Dükkân açar gibi, bir sarık, bir cüppe... Afyonlanmış beyinler
Bir süredir düşünüyorum, iş mi değiştirsem, şu kısa ömrümde biraz daha heyecanlı, ama esas olarak insanların inanç ihtiyaçlarına seslenecek ve yanıt verecek yeni bir hayat inşa mı etsem..
Bir “hoca efendi dükkânı” açarım.. Beyazlara bürünmüş ve ilahi çağrışımlar yapan göksel bir ev tasarımı, teknolojinin yardımıyla şöyle uçuşan melek çağrışımlarıyla bezeli..
Ciltli kutsal kitaplar... Rahleler ki birkaç tane, üzerlerinde açık kitaplar..
Afili bir sarık ve Cübbeli Ahmet Efendi’ninkine beş basan birinci sınıf bir elden çıkma cüppe ve şüphesiz ki sakal...
Hem ağırbaşlı hem de biraz daha genç görünüm..

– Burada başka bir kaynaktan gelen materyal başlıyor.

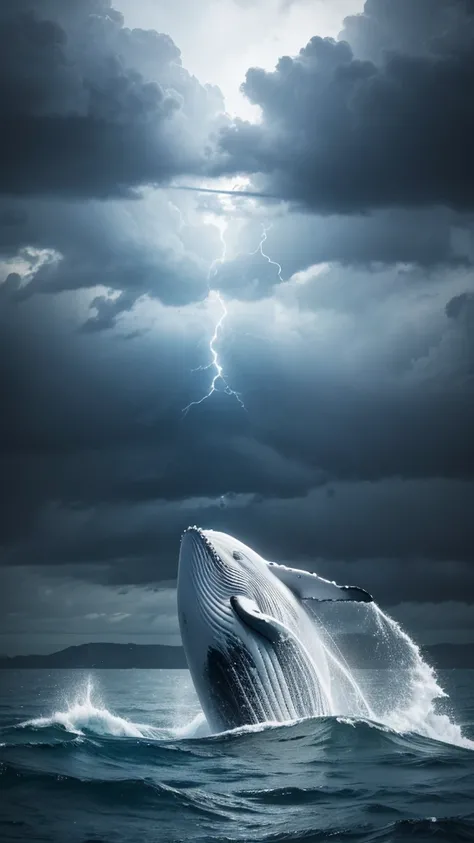 A man with white clothes swim in middle a sea.There is super big whale. Storm everywhere. Dark sky.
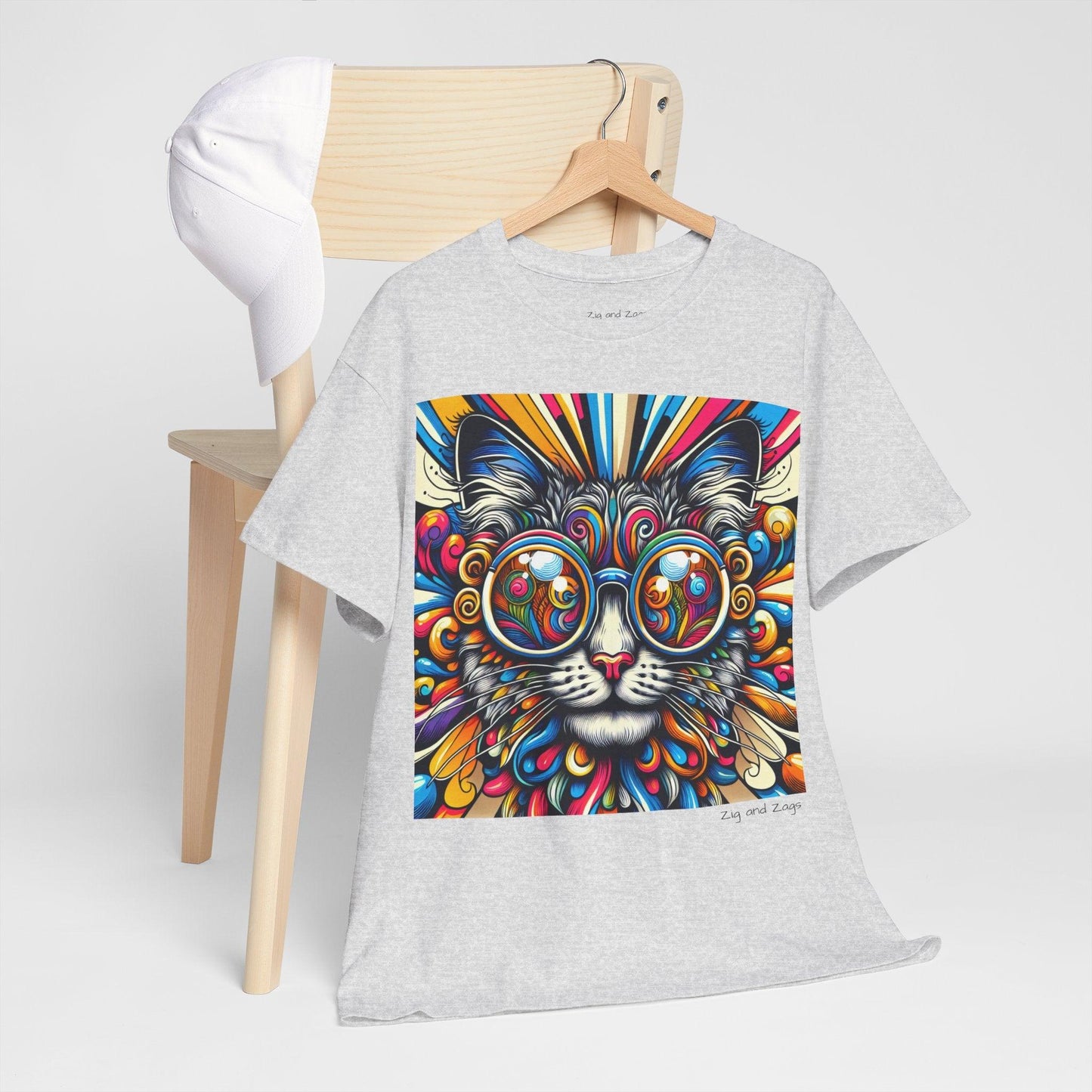 Cool Cat Pop Art Print Heavy Cotton T-shirt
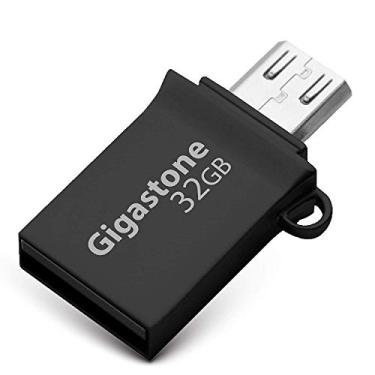 Imagem de Gigastone Pen Drive OTG USB 3.0 de 32 GB com interfaces duplas USB e micro USB, 2 portas, cartão de memória de liga de metal durável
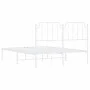 Metal bed frame with white headboard 135x190 cm by , Beds and slatted bases - Ref: Foro24-373935, Price: 89,09 €, Discount: %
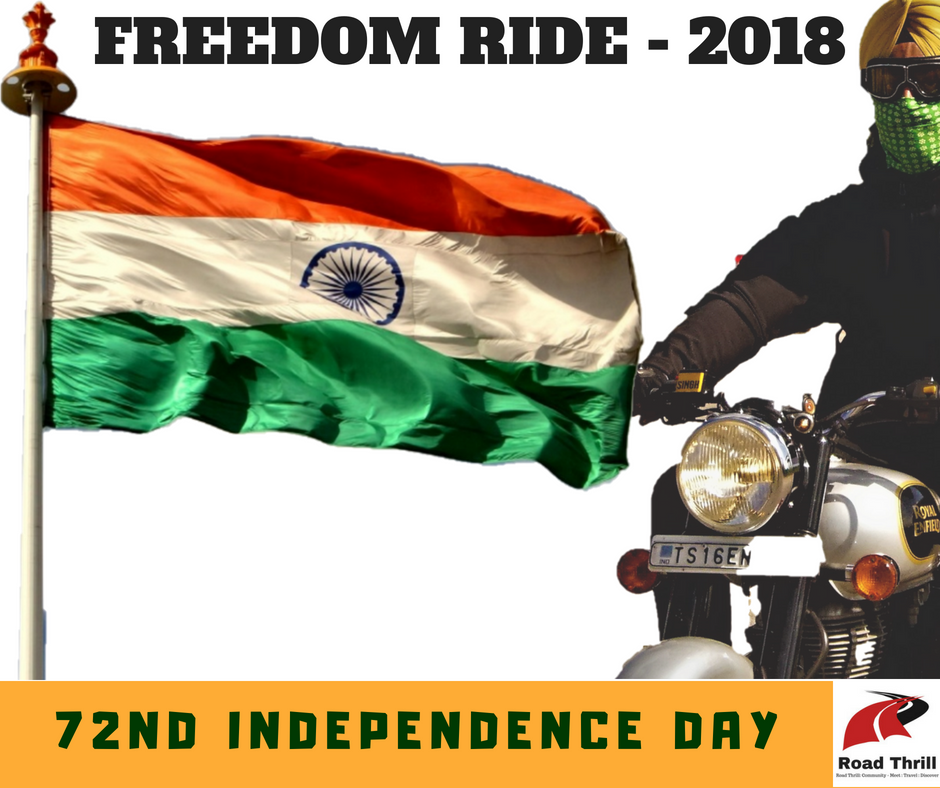 Varundewal's tweet photo. Freedom Ride 2018
August 15, 2018, #RThyderabad is riding for a cause.
Stay tuned for complete details.
#RTHyderabad
#RoadThrll
#FreedomRideWithRT
#72IndependenceDay
#MyCountryMyLove
#15August
#IndependenceDay #IndependenceDay2018 #rideforcause #CauseRide #Biking https://t.co/0B4CcqMON1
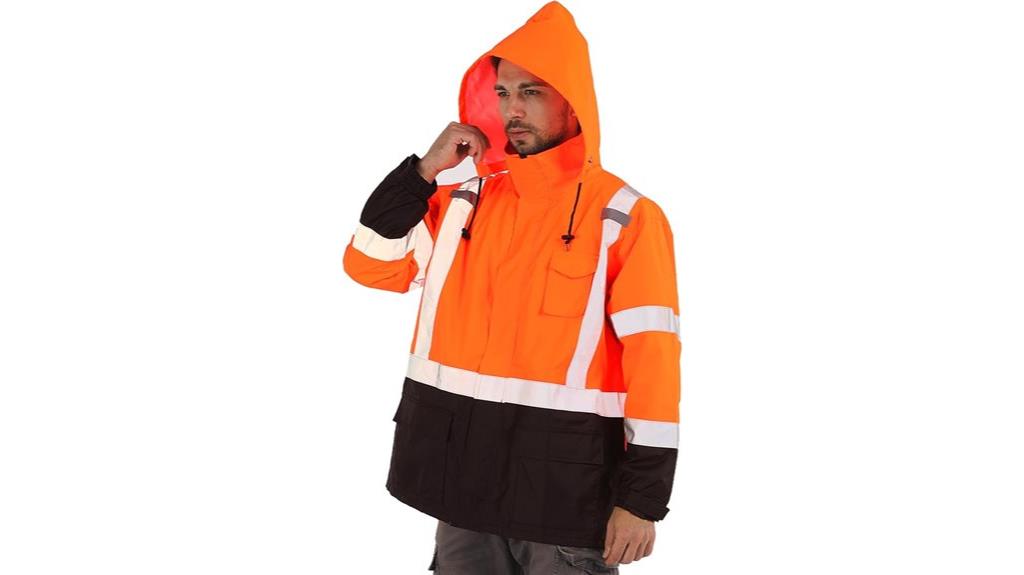 high visibility rain jacket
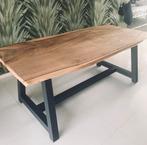 Prachtige robuuste boomstamtafel tafel met stalen onderstel, Huis en Inrichting, Tafels | Eettafels, 200 cm of meer, 50 tot 100 cm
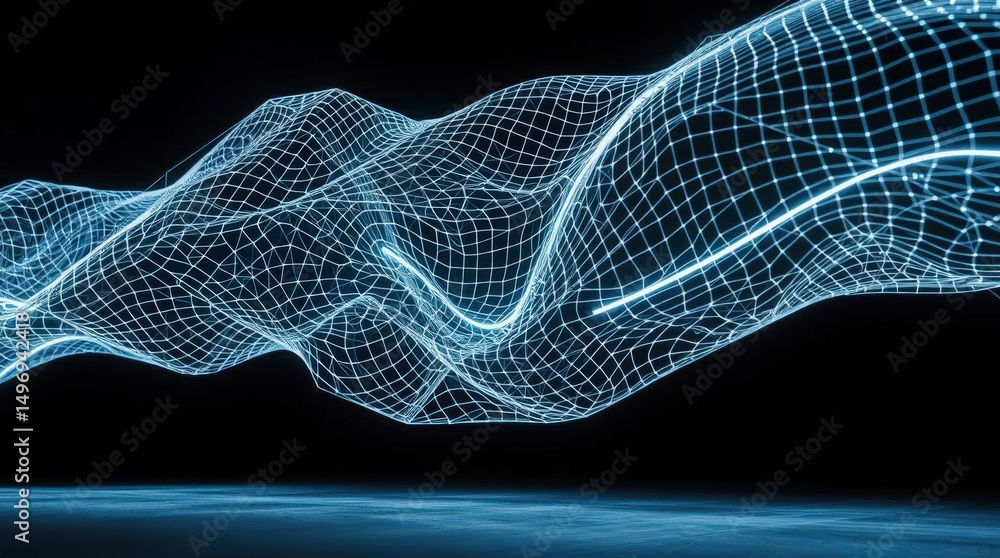 Poster abstract glowing wave pattern in blue tones captivating digital art design with glowing lines at nig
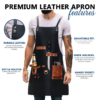 Genuine leather BBQ apron with adjustable straps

Evden sürekli yükselen ilahiler..
Ve kapılar sonuna kadar herkese açık..
Oturup müşteri beklerim..
Tabii, kısa yoldan kulaktan kulağa bir “hoca efendi bilgi evinin” reklamı için özellikle övücü, dedikoducu kadınlar.. Cenaze evlerinde ağlayıcı, dövünücü kadınlar gibi.